→ **THE PROBLEM**:
Exact wording is required: give all the records again, minus the pictures.

══ DATA FOR ANALYSIS

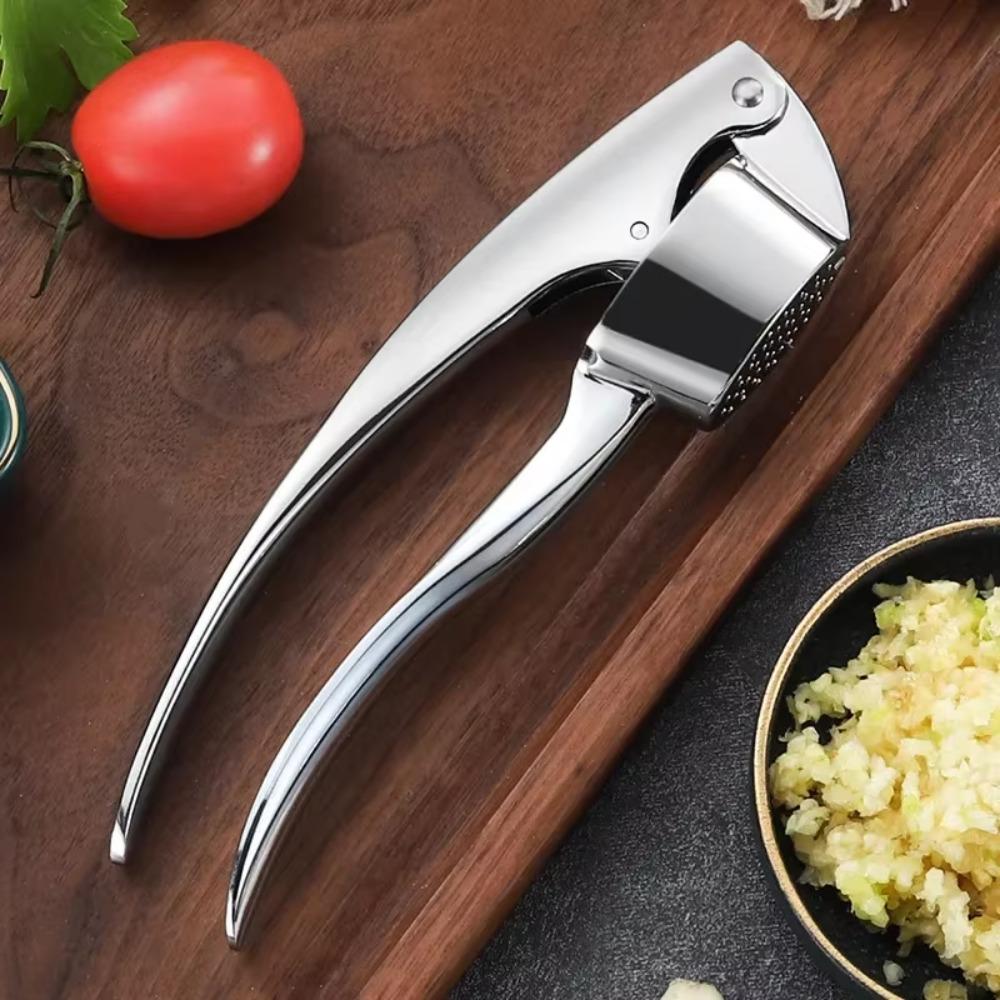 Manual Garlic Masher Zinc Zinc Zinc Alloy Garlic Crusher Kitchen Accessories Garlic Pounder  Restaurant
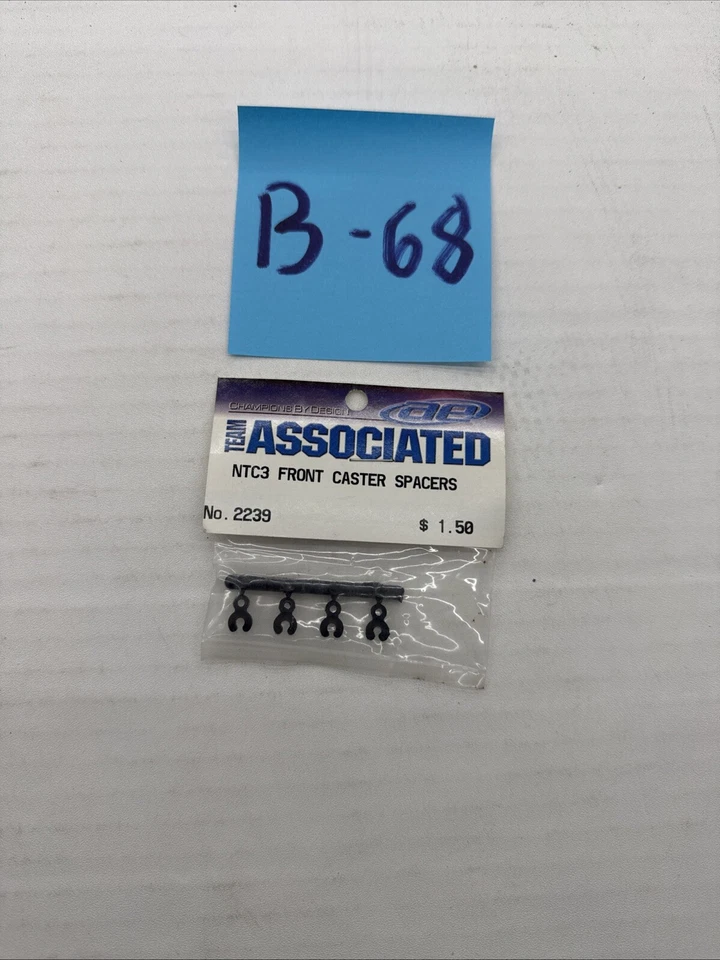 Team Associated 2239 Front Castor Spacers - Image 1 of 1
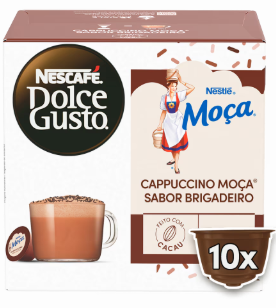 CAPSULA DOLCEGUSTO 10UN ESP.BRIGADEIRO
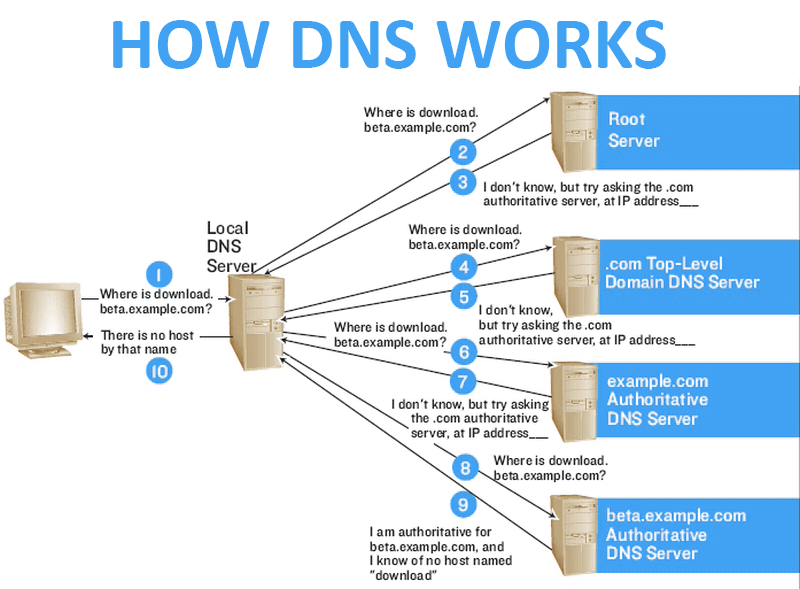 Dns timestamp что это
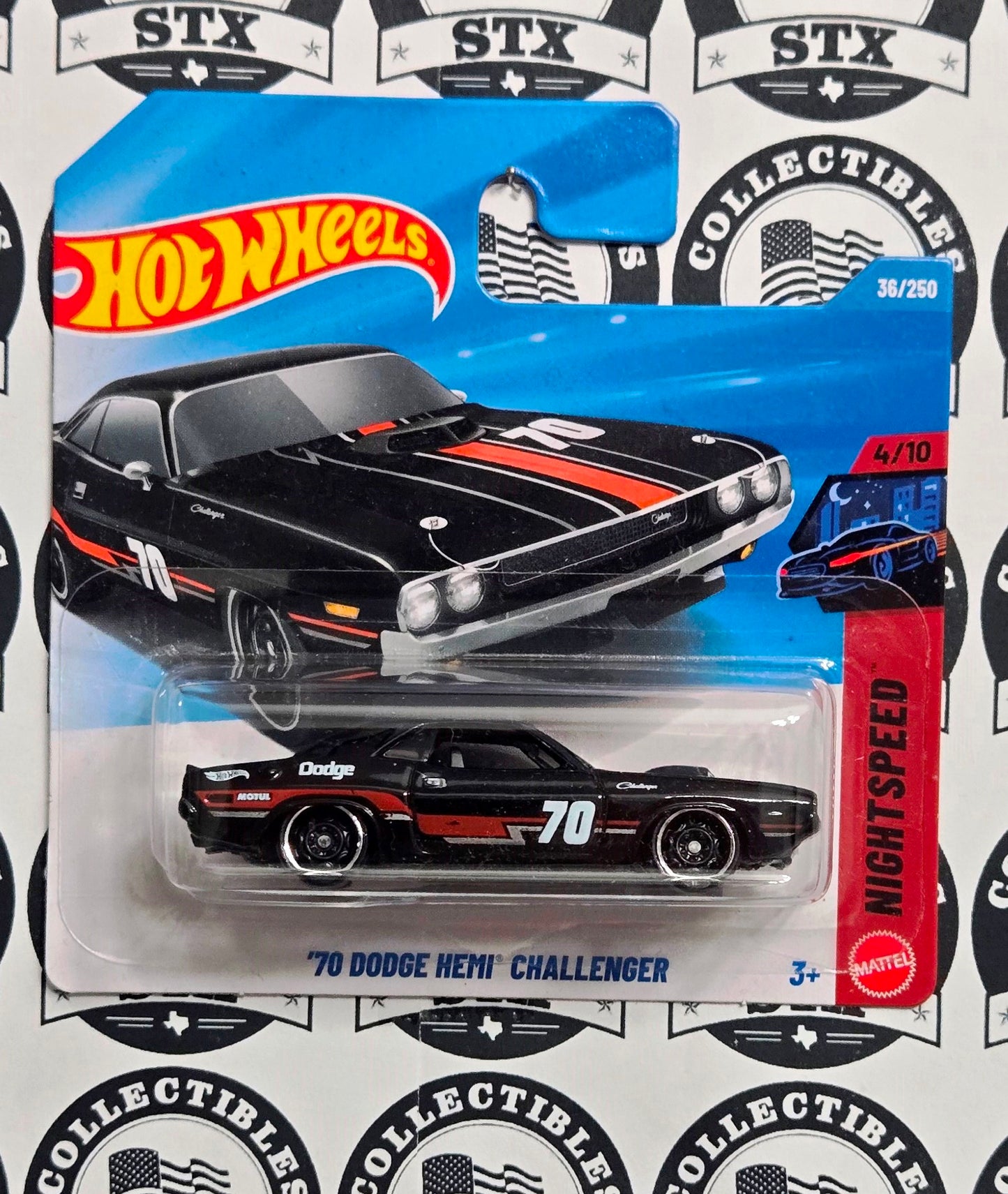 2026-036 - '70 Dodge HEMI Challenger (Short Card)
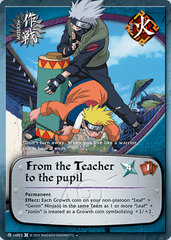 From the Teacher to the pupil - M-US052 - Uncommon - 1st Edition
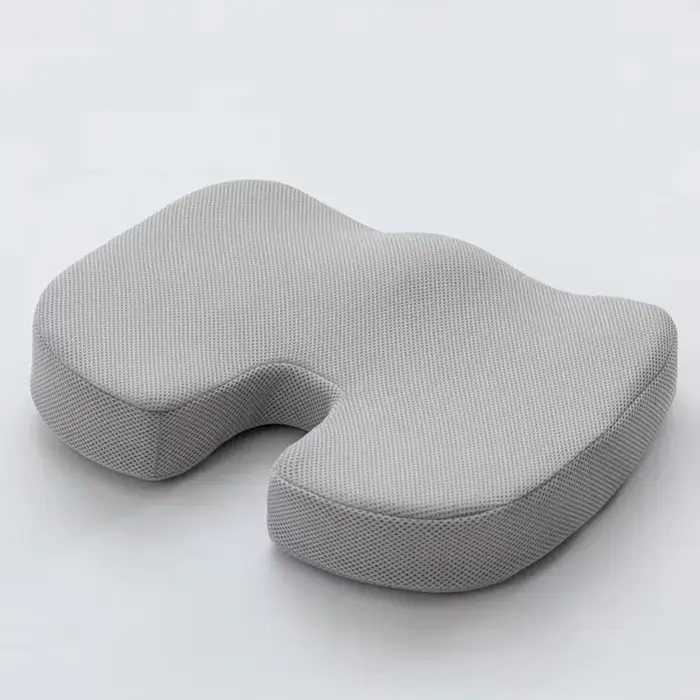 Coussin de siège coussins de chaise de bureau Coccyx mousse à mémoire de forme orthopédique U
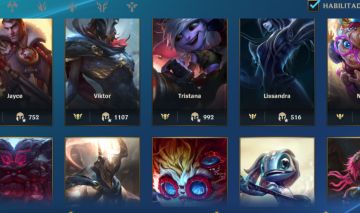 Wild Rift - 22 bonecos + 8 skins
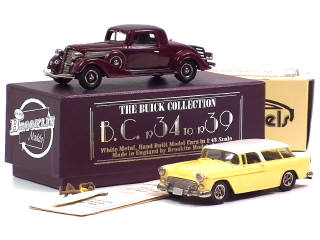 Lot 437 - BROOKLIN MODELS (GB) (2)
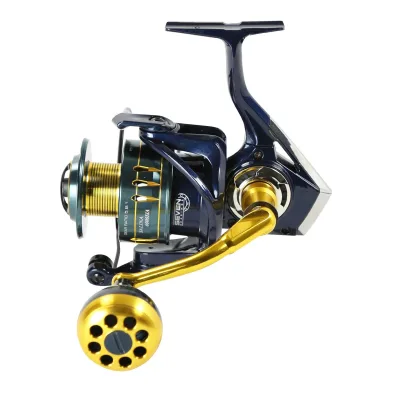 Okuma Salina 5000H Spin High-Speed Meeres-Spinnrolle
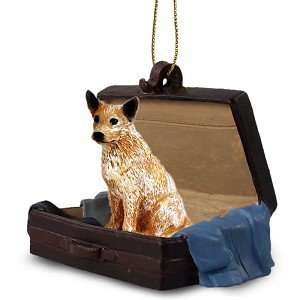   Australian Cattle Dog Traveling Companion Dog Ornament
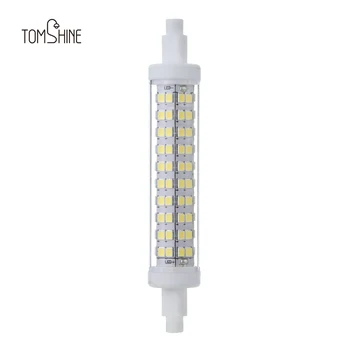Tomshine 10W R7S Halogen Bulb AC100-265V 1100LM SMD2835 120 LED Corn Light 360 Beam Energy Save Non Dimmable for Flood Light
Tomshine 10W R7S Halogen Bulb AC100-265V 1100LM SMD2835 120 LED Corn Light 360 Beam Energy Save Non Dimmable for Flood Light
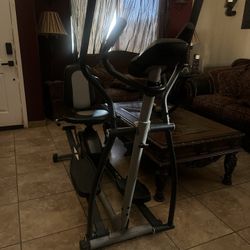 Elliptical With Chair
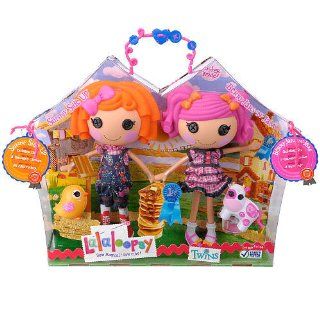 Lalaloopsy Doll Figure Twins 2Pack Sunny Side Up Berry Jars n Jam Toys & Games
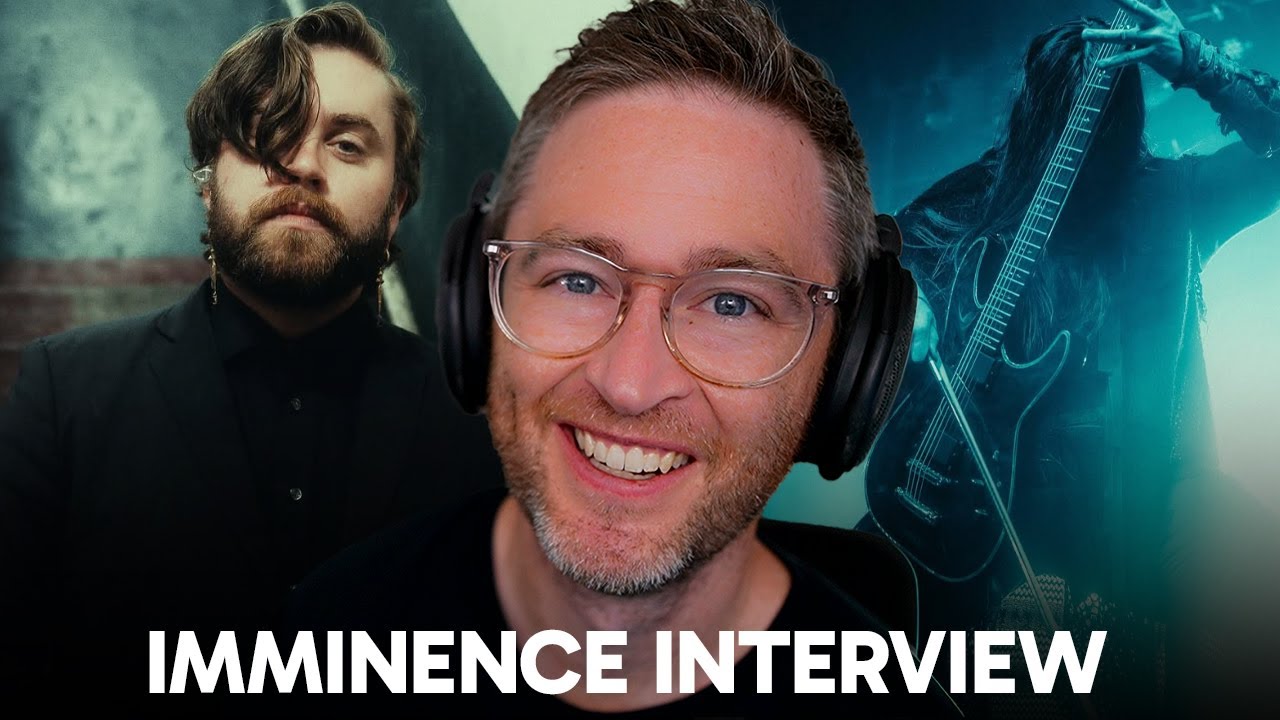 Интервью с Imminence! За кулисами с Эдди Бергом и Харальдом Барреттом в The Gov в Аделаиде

════

→ **REPLY**:
 Manual Garlic Masher Zinc Zinc Zinc Alloy Garlic Crusher Kitchen Accessories Garlic Pounder  Restaurant
 Team Associated 2239 Front Castor Spacers - Image 1 of 1
 CAPSULA DOLCEGUSTO 10UN ESP.BRIGADEIRO
 Dns timestamp что это
 2026-036 - '70 Dodge HEMI Challenger (Short Card)
 From the Teacher to the pupil - M-US052 - Uncommon - 1st Edition
 Coussin de siège coussins de chaise de bureau Coccyx mousse à mémoire de forme orthopédique U
 Wild Rift - 22 bonecos + 8 skins
 Lot 437 - BROOKLIN MODELS (GB) (2)
 Okuma Salina 5000H Spin High-Speed Meeres-Spinnrolle
   Australian Cattle Dog Traveling Companion Dog Ornament
Tomshine 10W R7S Halogen Bulb AC100-265V 1100LM SMD2835 120 LED Corn Light 360 Beam Energy Save Non Dimmable for Flood Light
Tomshine 10W R7S Halogen Bulb AC100-265V 1100LM SMD2835 120 LED Corn Light 360 Beam Energy Save Non Dimmable for Flood Light
 Elliptical With Chair
 Lalaloopsy Doll Figure Twins 2Pack Sunny Side Up Berry Jars n Jam Toys & Games
 Интервью с Imminence! За кулисами с Эдди Бергом и Харальдом Барреттом в The Gov в Аделаиде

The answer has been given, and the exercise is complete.